### WORK REQUEST:
Please repeat exactly the lines from the one containing "Schönes ruhiges Leben" to the end of the entries below, both included, and omit all pictures.

### Stored items from a collection:
===============
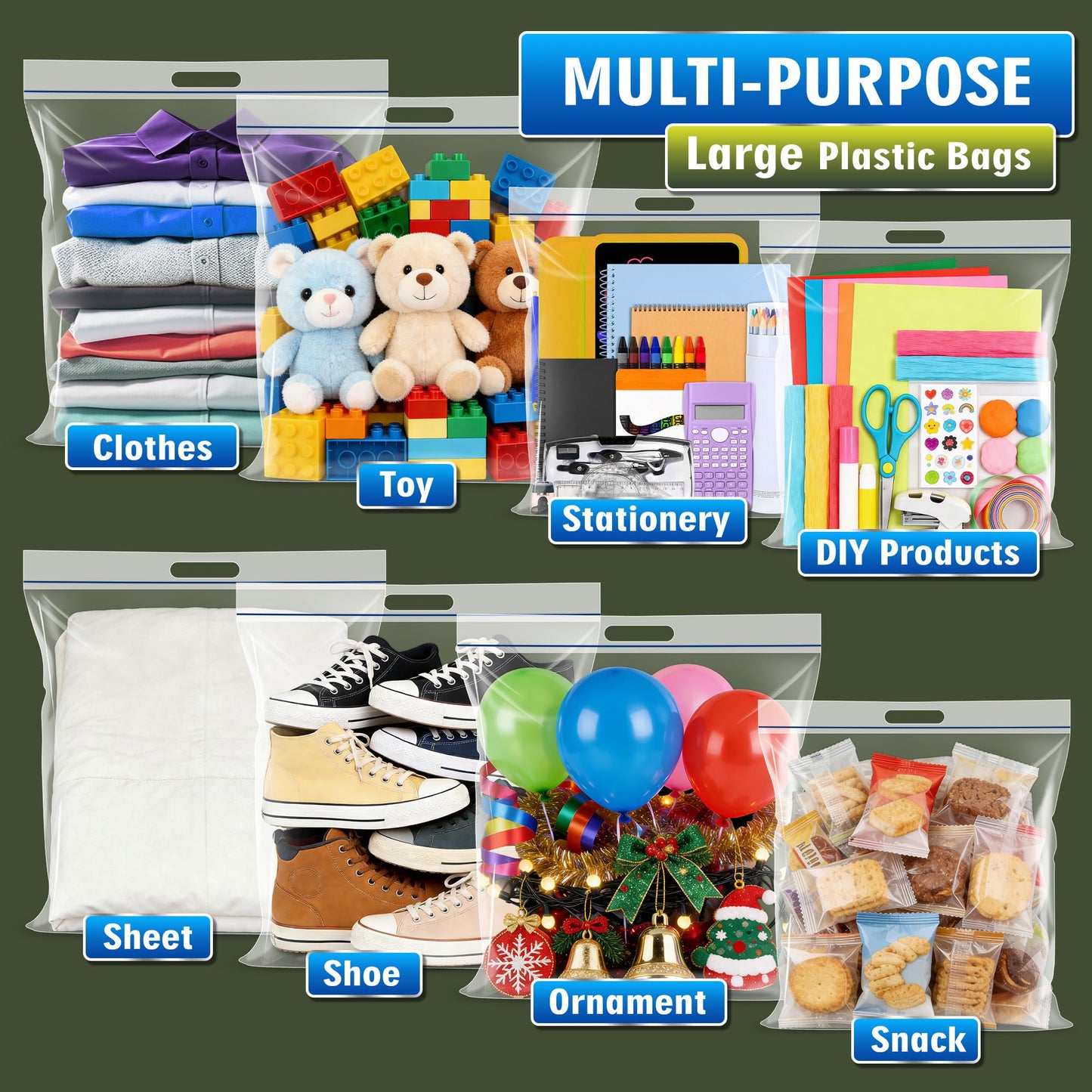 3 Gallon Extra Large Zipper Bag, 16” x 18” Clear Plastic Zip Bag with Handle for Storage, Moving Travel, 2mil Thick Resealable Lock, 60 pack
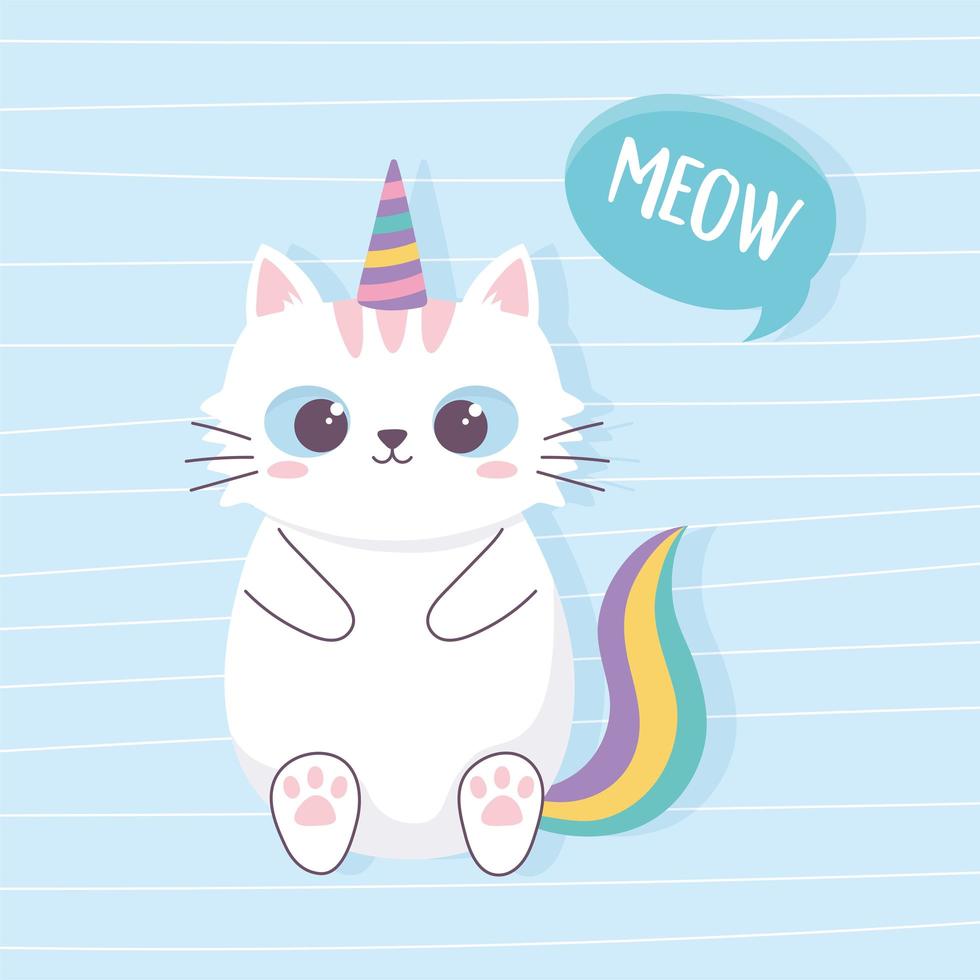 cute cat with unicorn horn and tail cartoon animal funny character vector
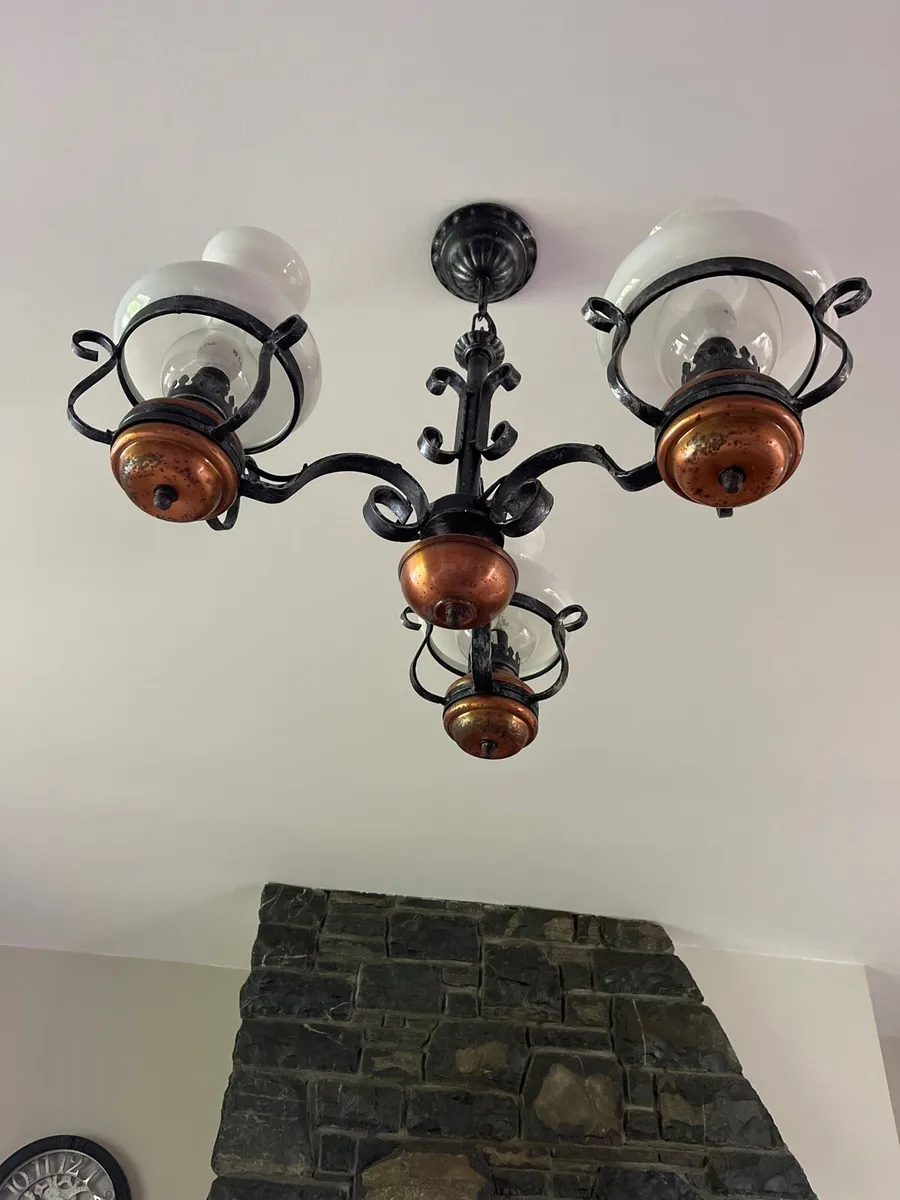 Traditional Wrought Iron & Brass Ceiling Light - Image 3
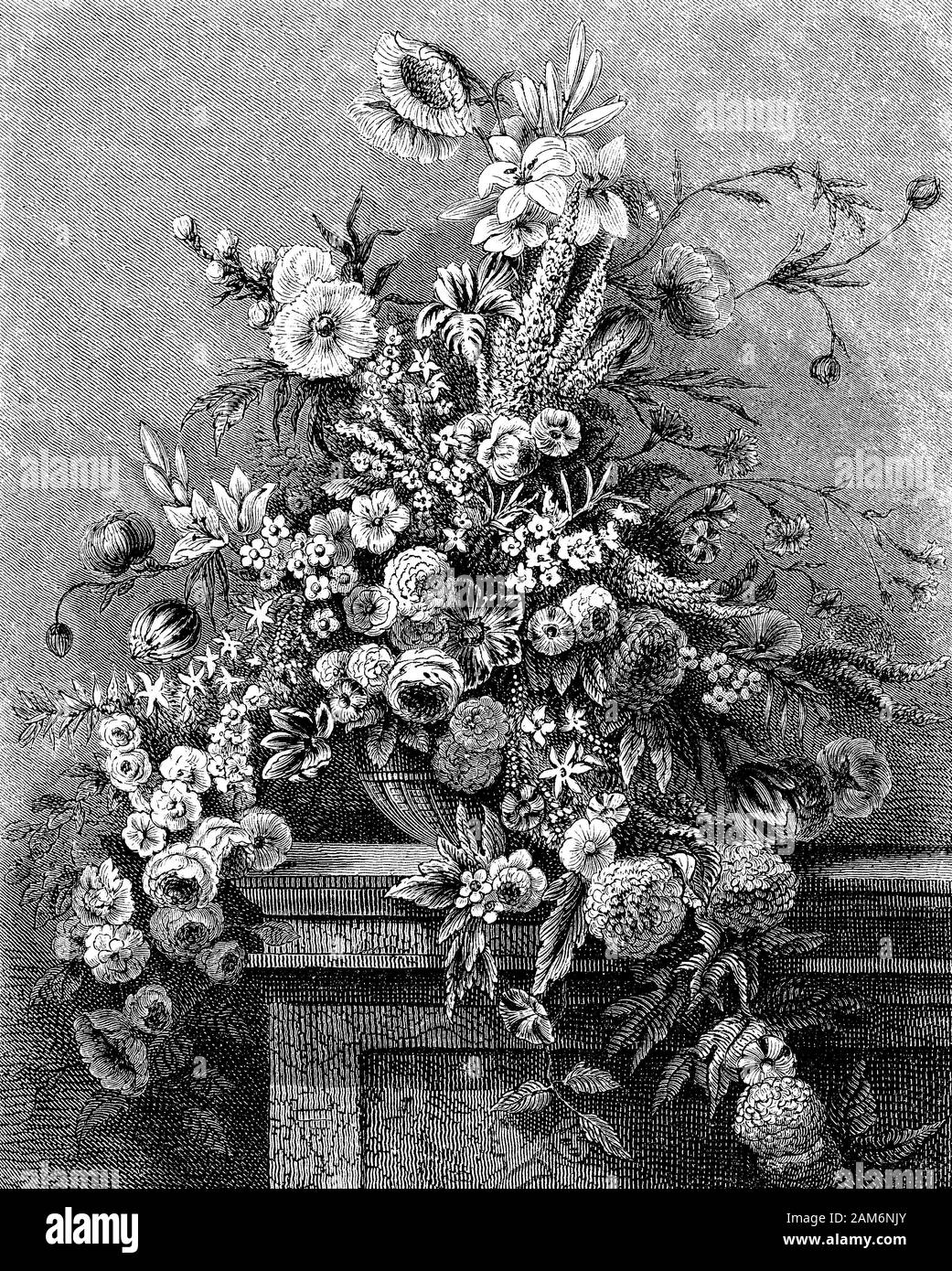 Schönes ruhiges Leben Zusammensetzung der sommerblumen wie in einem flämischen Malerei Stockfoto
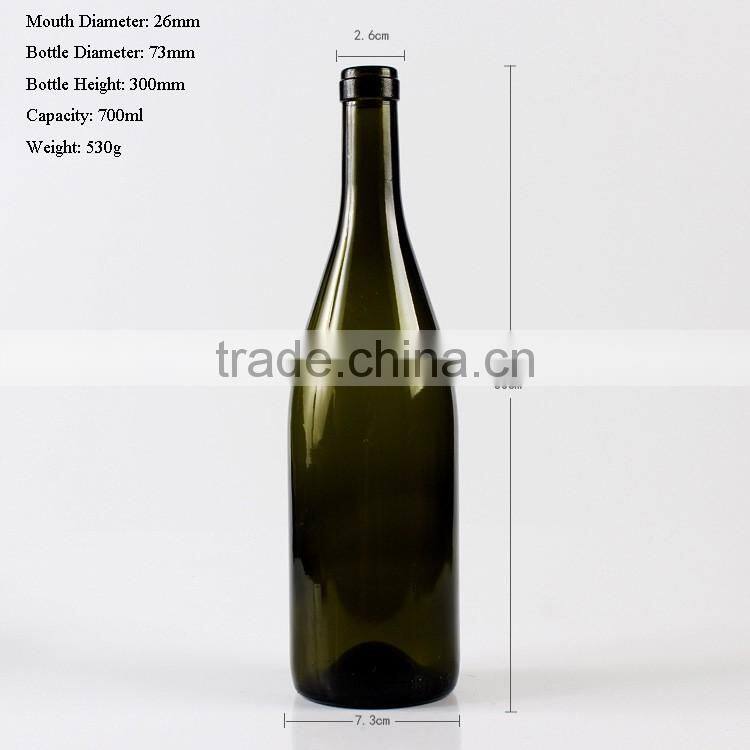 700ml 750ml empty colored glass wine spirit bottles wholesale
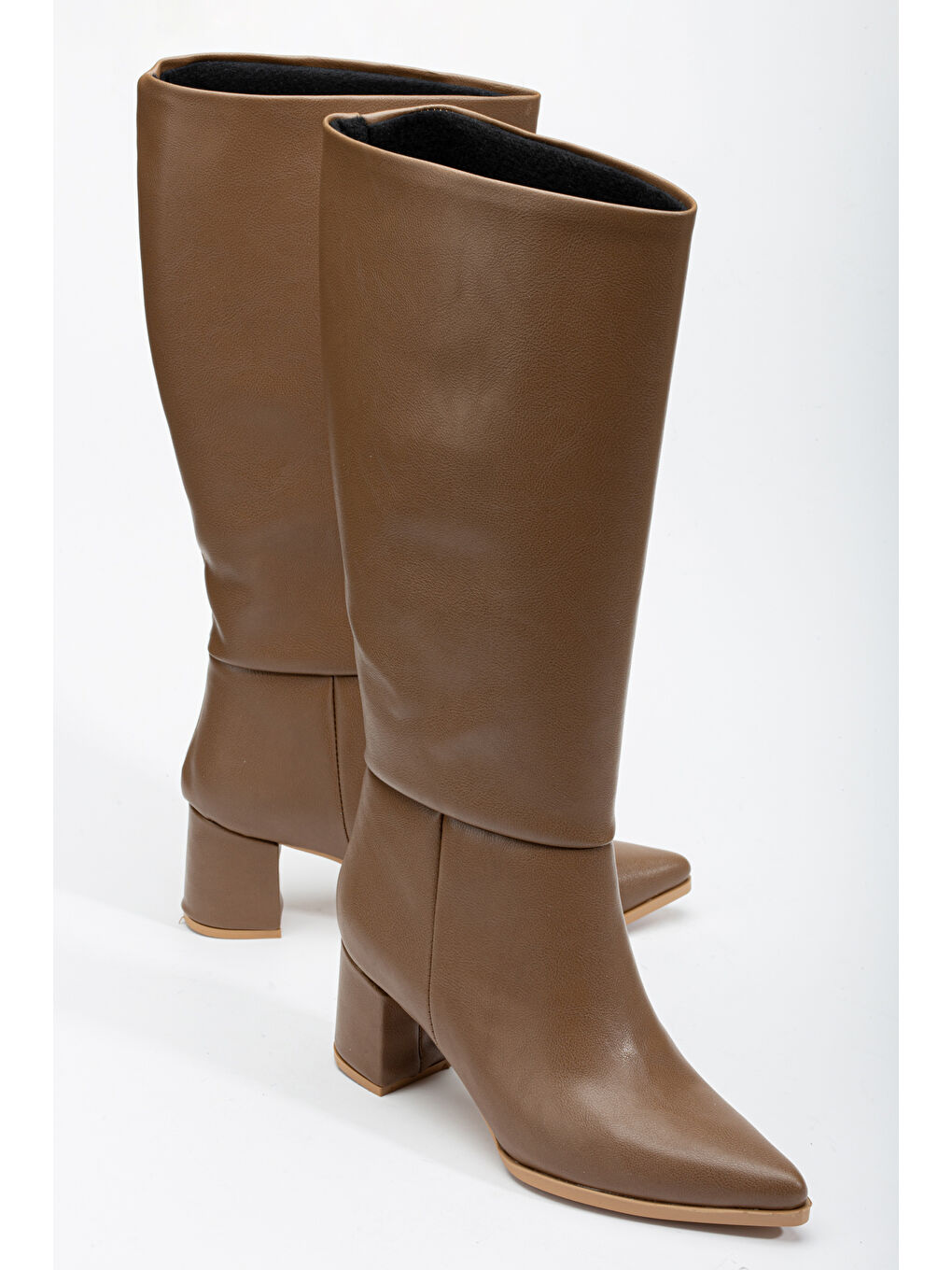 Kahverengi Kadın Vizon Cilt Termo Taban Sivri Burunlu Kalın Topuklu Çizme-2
===============
### YOUR RESPONSE:
 Schönes ruhiges Leben Zusammensetzung der sommerblumen wie in einem flämischen Malerei Stockfoto
 700ml 750ml empty colored glass wine spirit bottles wholesale
 Kahverengi Kadın Vizon Cilt Termo Taban Sivri Burunlu Kalın Topuklu Çizme-2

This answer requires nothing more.